Every year the foundation holds a contest for young violinists in Gade's hometown. On 8 November 1970 a postage stamp commemorating the centenary of his birth was issued.

There is a peculiar arrangement of “Jealousy” for a woodwind quintet which was premiered on the celebration of the twentieth anniversary of the accession to the throne of the queen Margaret of Denmark, in the Elsinore Castle in June 1992.

==Recordings==
In 1998 Dacapo Recordings published a record with a part of his works—some unpublished—performed by the Odense Symphonic Orchestra conducted by Mathias Aeschbacher featuring the soloist Bjarne Hansen on violin. Critics commented: «It is incredible that an unknown and so good music has been displayed because of the popularity of “Jealousy”».

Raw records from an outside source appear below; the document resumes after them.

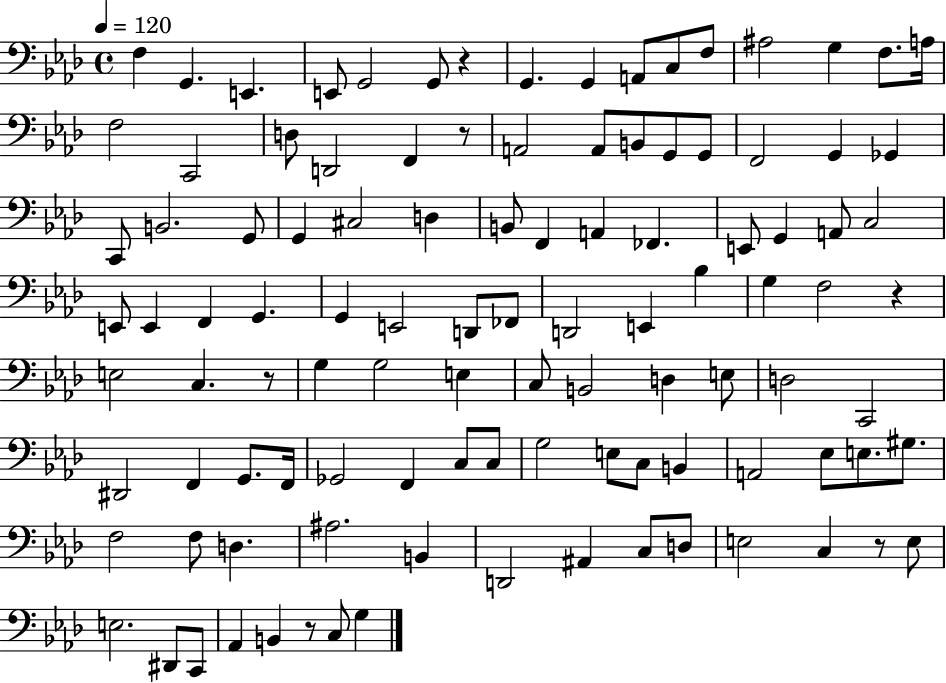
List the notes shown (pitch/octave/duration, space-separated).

F3/q G2/q. E2/q. E2/e G2/h G2/e R/q G2/q. G2/q A2/e C3/e F3/e A#3/h G3/q F3/e. A3/s F3/h C2/h D3/e D2/h F2/q R/e A2/h A2/e B2/e G2/e G2/e F2/h G2/q Gb2/q C2/e B2/h. G2/e G2/q C#3/h D3/q B2/e F2/q A2/q FES2/q. E2/e G2/q A2/e C3/h E2/e E2/q F2/q G2/q. G2/q E2/h D2/e FES2/e D2/h E2/q Bb3/q G3/q F3/h R/q E3/h C3/q. R/e G3/q G3/h E3/q C3/e B2/h D3/q E3/e D3/h C2/h D#2/h F2/q G2/e. F2/s Gb2/h F2/q C3/e C3/e G3/h E3/e C3/e B2/q A2/h Eb3/e E3/e. G#3/e. F3/h F3/e D3/q. A#3/h. B2/q D2/h A#2/q C3/e D3/e E3/h C3/q R/e E3/e E3/h. D#2/e C2/e Ab2/q B2/q R/e C3/e G3/q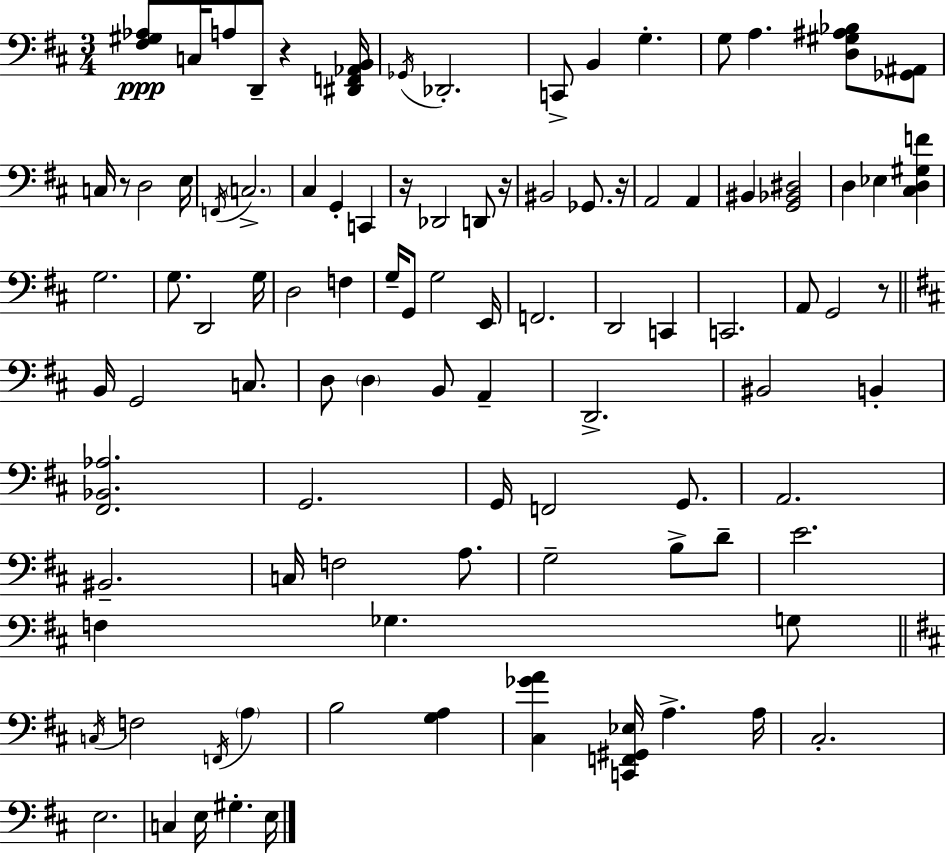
X:1
T:Untitled
M:3/4
L:1/4
K:D
[^F,^G,_A,]/2 C,/4 A,/2 D,,/2 z [^D,,F,,_A,,B,,]/4 _G,,/4 _D,,2 C,,/2 B,, G, G,/2 A, [D,^G,^A,_B,]/2 [_G,,^A,,]/2 C,/4 z/2 D,2 E,/4 F,,/4 C,2 ^C, G,, C,, z/4 _D,,2 D,,/2 z/4 ^B,,2 _G,,/2 z/4 A,,2 A,, ^B,, [G,,_B,,^D,]2 D, _E, [^C,D,^G,F] G,2 G,/2 D,,2 G,/4 D,2 F, G,/4 G,,/2 G,2 E,,/4 F,,2 D,,2 C,, C,,2 A,,/2 G,,2 z/2 B,,/4 G,,2 C,/2 D,/2 D, B,,/2 A,, D,,2 ^B,,2 B,, [^F,,_B,,_A,]2 G,,2 G,,/4 F,,2 G,,/2 A,,2 ^B,,2 C,/4 F,2 A,/2 G,2 B,/2 D/2 E2 F, _G, G,/2 C,/4 F,2 F,,/4 A, B,2 [G,A,] [^C,_GA] [C,,F,,^G,,_E,]/4 A, A,/4 ^C,2 E,2 C, E,/4 ^G, E,/4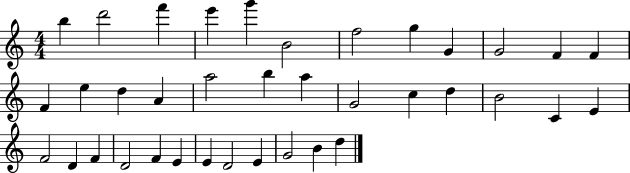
B5/q D6/h F6/q E6/q G6/q B4/h F5/h G5/q G4/q G4/h F4/q F4/q F4/q E5/q D5/q A4/q A5/h B5/q A5/q G4/h C5/q D5/q B4/h C4/q E4/q F4/h D4/q F4/q D4/h F4/q E4/q E4/q D4/h E4/q G4/h B4/q D5/q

Written to accompany the silent era blockbuster Son of Zorro when Gade was leader of the orchestra of the Palads Cinema, the tango premiered on 14 September 1925 and was an instant international hit. When talkies were introduced it was featured in numerous films.

==Music composition==
The royalties allowed Gade to devote himself to composition full-time for the rest of his life. Arthur Fiedler made the first recording of the piece with the Boston Pops in 1935, further increasing Gade's income. The royalties now fund a foundation for young musicians. Fiedlers' recording was released in Australia and the UK on the His Masters' Voice label, credited as "The Boston Promenade Orchestra conducted by Arthur Fiedler".

As a symphony composer Gade did not fare as well. In an interview two years before his death, Fiedler recalled that Gade came especially to Boston to thank him for the recording. Gade also presented Fiedler with a score of a symphony which Fiedler recalled as "one of the worst pieces of music I ever looked at".